Materials provided =>
★ ★ ★ ★
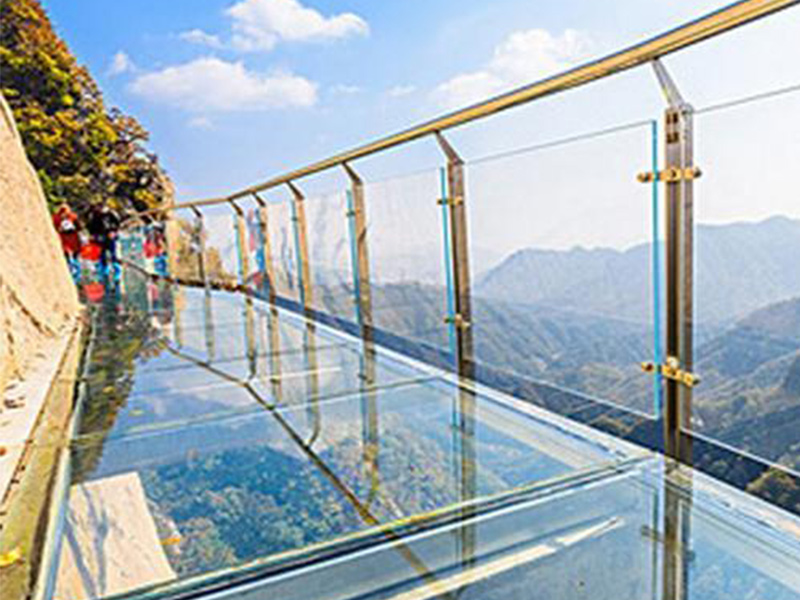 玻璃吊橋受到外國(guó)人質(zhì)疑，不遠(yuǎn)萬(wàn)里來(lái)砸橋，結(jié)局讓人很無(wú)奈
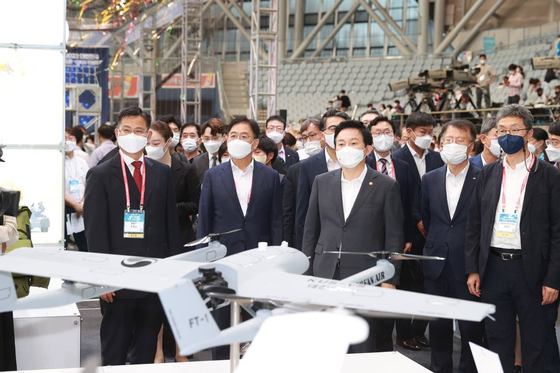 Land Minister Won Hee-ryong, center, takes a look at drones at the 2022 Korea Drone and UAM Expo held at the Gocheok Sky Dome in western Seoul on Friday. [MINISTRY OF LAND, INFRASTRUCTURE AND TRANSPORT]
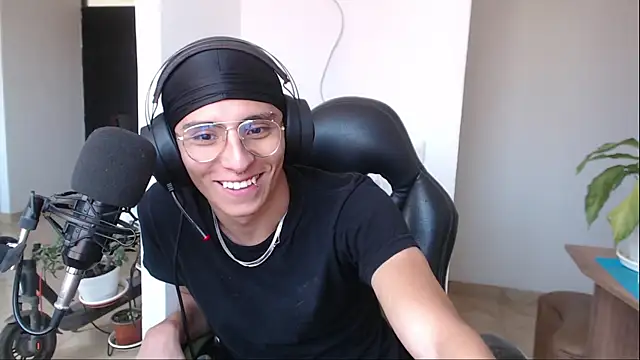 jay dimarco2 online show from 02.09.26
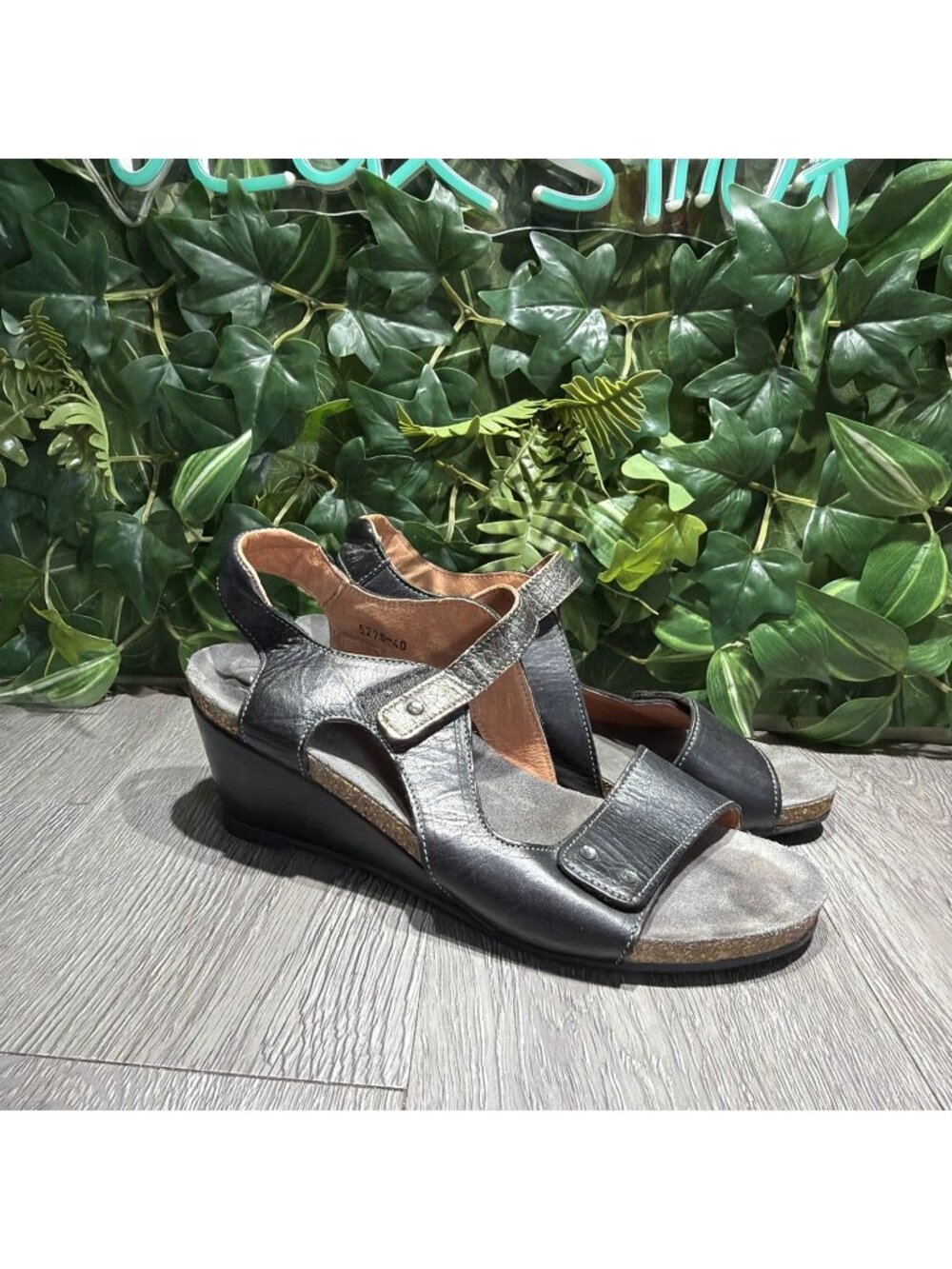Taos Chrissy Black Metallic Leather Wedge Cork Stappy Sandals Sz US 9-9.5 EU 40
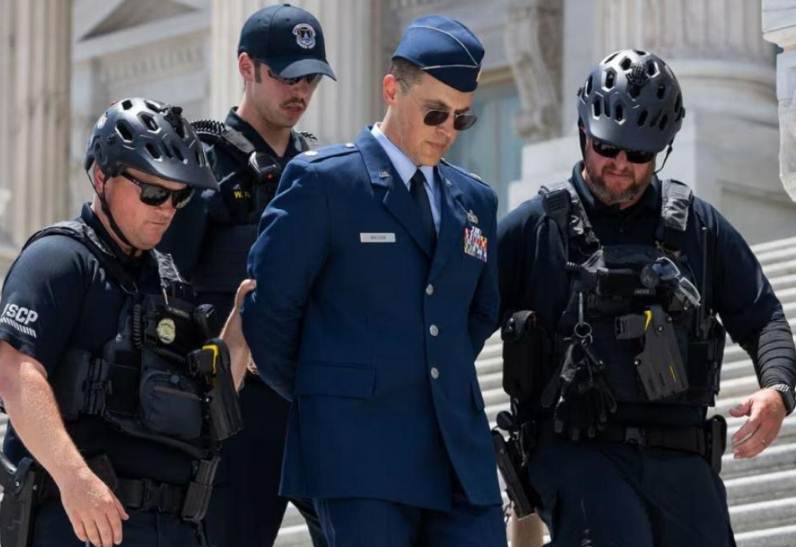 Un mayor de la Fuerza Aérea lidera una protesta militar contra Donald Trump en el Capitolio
★ ★ ★ ★
What you have to do =>
The whole listing should be restated word for word, with no pictures.

Response to the exercise =>
 玻璃吊橋受到外國(guó)人質(zhì)疑，不遠(yuǎn)萬(wàn)里來(lái)砸橋，結(jié)局讓人很無(wú)奈
 Land Minister Won Hee-ryong, center, takes a look at drones at the 2022 Korea Drone and UAM Expo held at the Gocheok Sky Dome in western Seoul on Friday. [MINISTRY OF LAND, INFRASTRUCTURE AND TRANSPORT]
 jay dimarco2 online show from 02.09.26
Taos Chrissy Black Metallic Leather Wedge Cork Stappy Sandals Sz US 9-9.5 EU 40
 Un mayor de la Fuerza Aérea lidera una protesta militar contra Donald Trump en el Capitolio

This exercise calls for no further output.